How to complete this task
The answer must consist solely of the lines below starting at the one containing "RUBY & DIAMOND RING" and ending at the one containing "8 Set Packing", repeated exactly, with both ends included and all pictures omitted.

Short web captions
━━━━━━━━━━

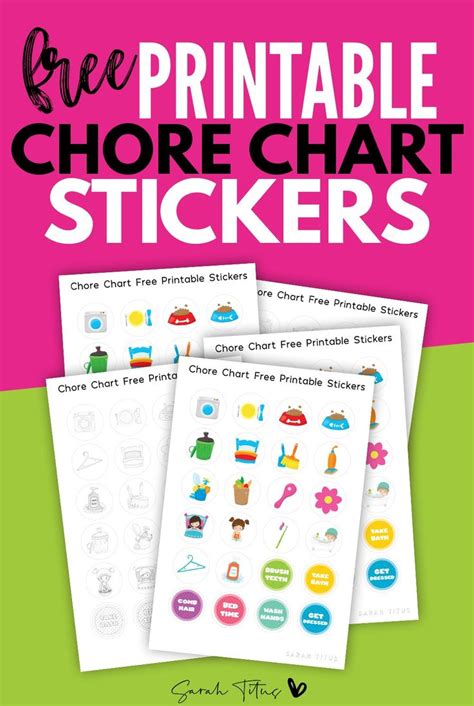 Free Printable Chore Chart Stickers Free Printable Chore Charts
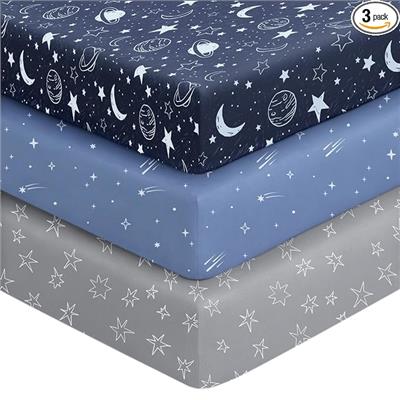 Amazon.com : Unnivoll Baby Crib Sheets for Boys Girls, 28x52x8in Fitted Crib Sheet Neutral 3 Pack for Standard Crib and Toddler Mattress, Breathable S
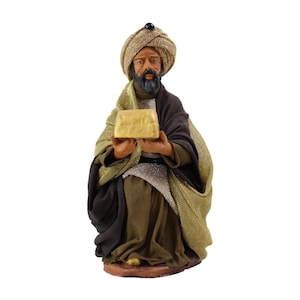 Holy Three Kings Melchior Kneeling 13 cm - Model 07 - Christmas Crib - Christmas - Handmade - Handmade Nativity Figure - Three Wise Men
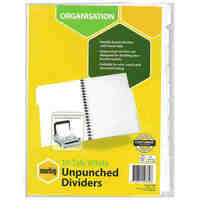 Divider A4 Marbig Manilla 10 Tab Unpunched White 37405F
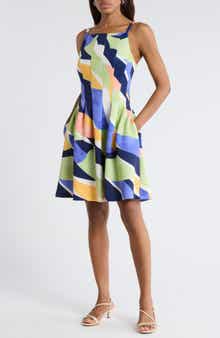 Vince Camuto Scuba Knit Fit & Flare Dress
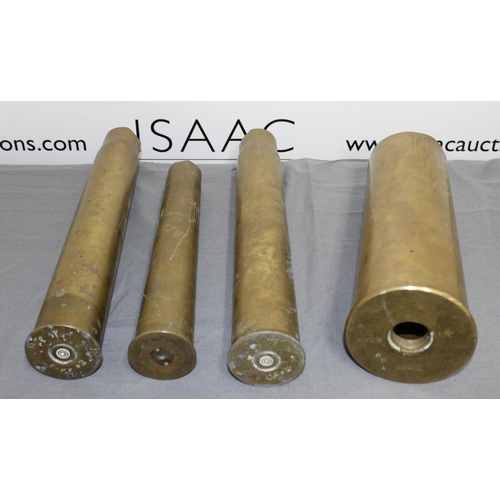 135 - Four Artillery Shell Casings 
Tallest 37.5cm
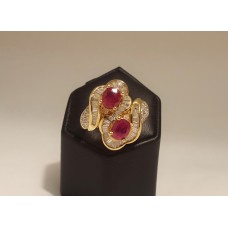 SOLD  18ct GOLD, NATURAL RUBY & DIAMOND RING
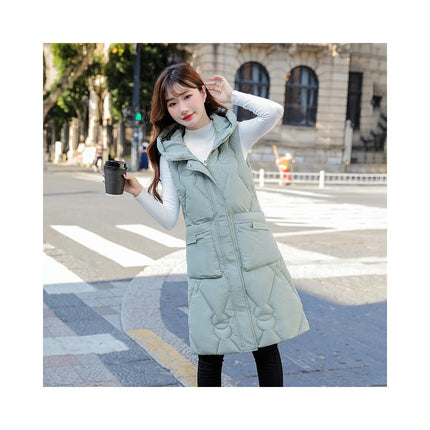 Womens Long Padded Puffer Vest Full-Zip Hooded Sleeveless Jacket with Pockets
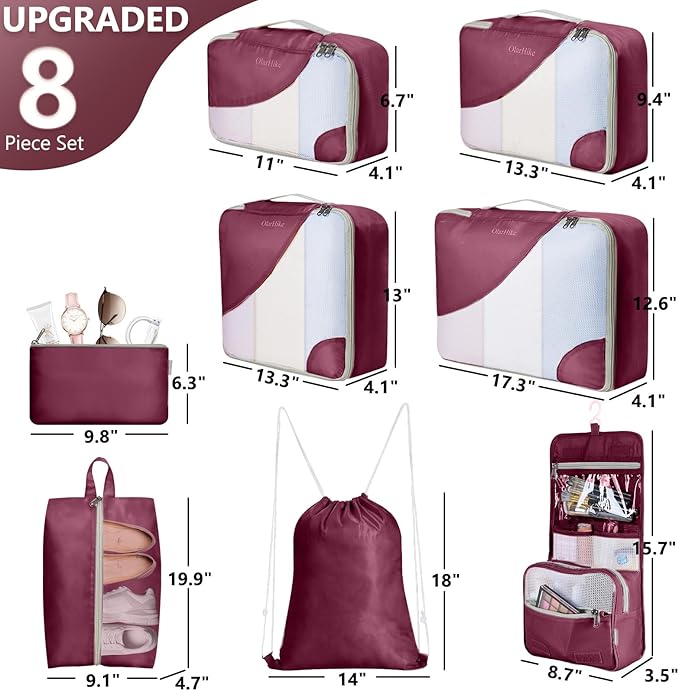 8 Set Packing Cubes for Travel, Gifts for Women Mom,Anti-Tearing Suitcase Organizer for Luggage with Shoe & Hanging Toiletry Bag,OlarHike Vacation Essentials & Accessories for Cruise Ship,Wine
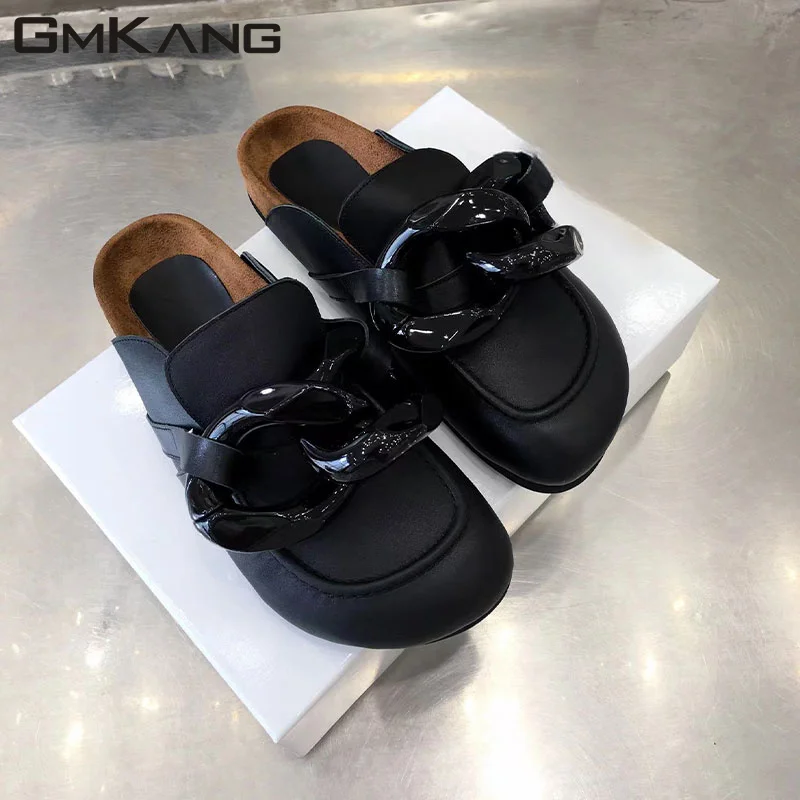 Chain Decoration Thick Bottom Slippers Women Black White Genuine Leather Mules Women Flat Slippers Women Zapatillas Mujer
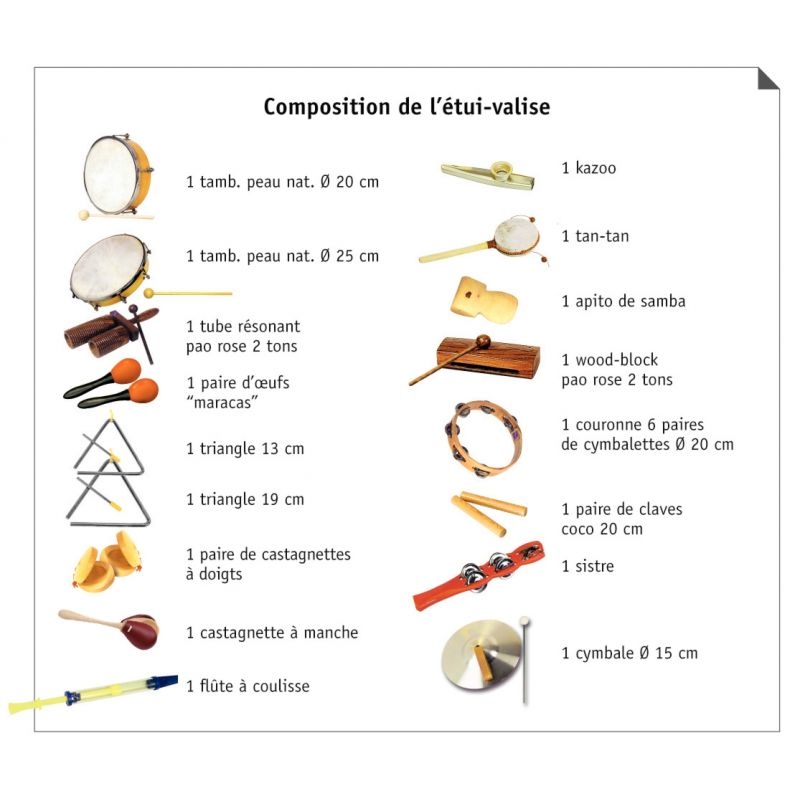 Étui de 17 instruments de musique à percussions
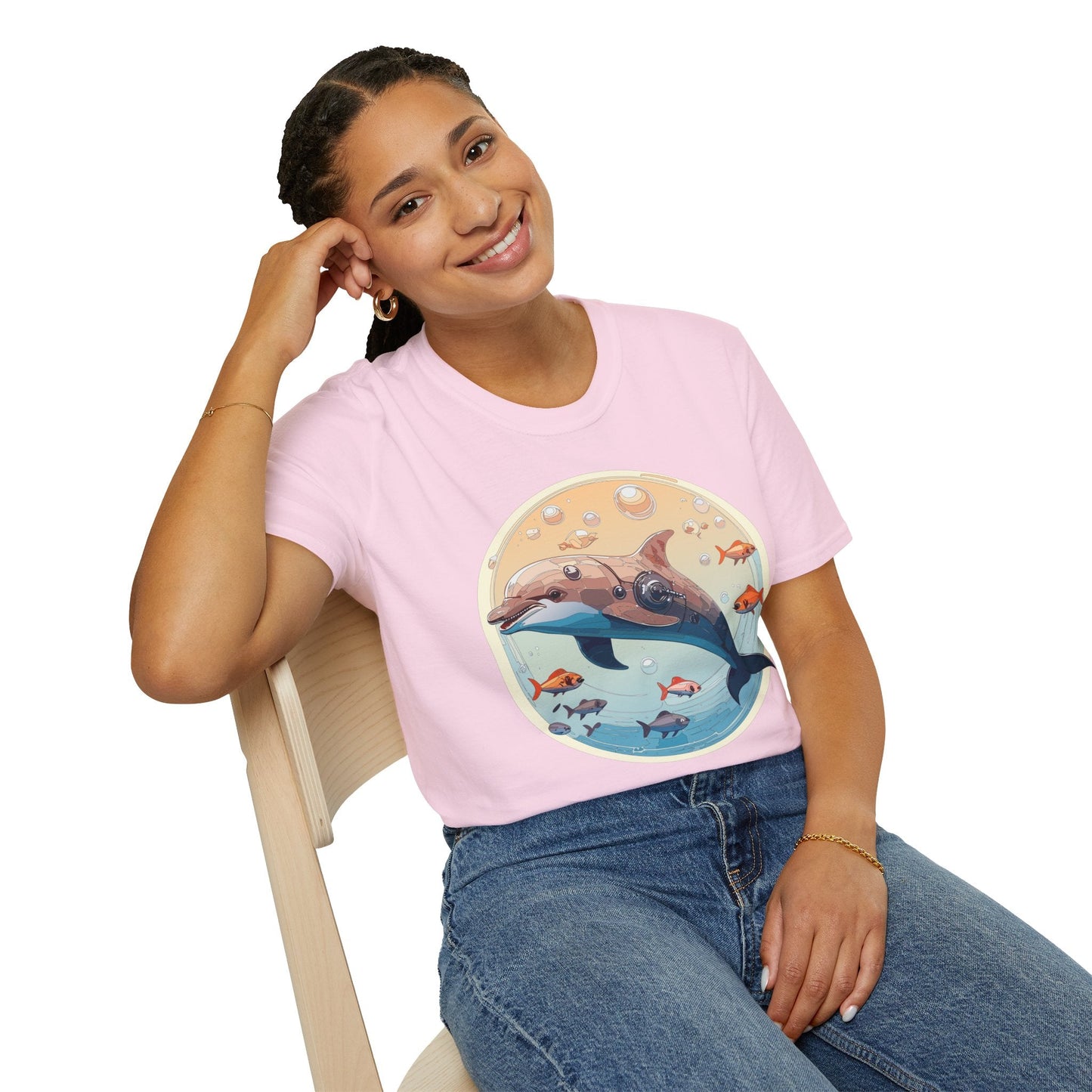 Dolphin Shirt Unisex Softstyle Tee 100 Percent Ring Spun Cotton Breathable Gildan 64000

━━━━━━━━━━

Task output
 SOLD  18ct GOLD, NATURAL RUBY & DIAMOND RING
 Womens Long Padded Puffer Vest Full-Zip Hooded Sleeveless Jacket with Pockets
 8 Set Packing Cubes for Travel, Gifts for Women Mom,Anti-Tearing Suitcase Organizer for Luggage with Shoe & Hanging Toiletry Bag,OlarHike Vacation Essentials & Accessories for Cruise Ship,Wine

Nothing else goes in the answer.